Comparative studies on the high-variability embedded robust parameter design from the perspective of estimators

Engineers and scientists often identify robust parameter design (RPD) as one of the most important process and quality improvement methods. Focused on determining the optimum operating conditions that facilitate target attainment with minimum variability, typical approaches to RPD use ordinary least squares methods to obtain response functions for the mean and variance by assuming that process data are normally distributed and exhibit reasonably low variability. Consequently, the sample mean and standard deviation are the most common estimators used in the initial tier of estimation, as they perform best when these assumptions hold. Realistically, however, industrial processes often exhibit high variability, particularly in mass production lines. If ignored, such conditions can cause the quality of the estimates obtained using the sample mean and standard deviation to deteriorate. This paper examines several alternatives to the sample mean and standard deviation, incorporating them into RPD modeling and optimization approaches to ascertain which tend to yield better solutions when highly variable conditions prevail.
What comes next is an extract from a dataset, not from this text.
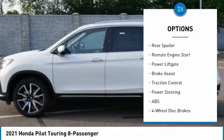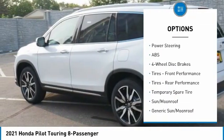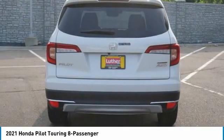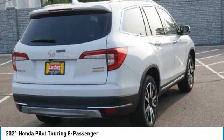Rear spoiler, remote engine start, power lift gate, brake assist, traction control. Take this vehicle for a spin and see why so many shoppers are now proud owners.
Monte Carlo simulation and numerical studies are used to compare the performances of the proposed methods with the traditional approach.

► Industrial processes often exhibit larger variability, particularly in mass production lines. ► We study alternative estimators to identify better robust design methods under high variability. ► Monte Carlo simulation and case studies substantiate the performance of proposed methods. ► Proposed models outperform typical approaches while retaining efficiency and resistivity. ► Median-based estimators tend to yield the best RPD results.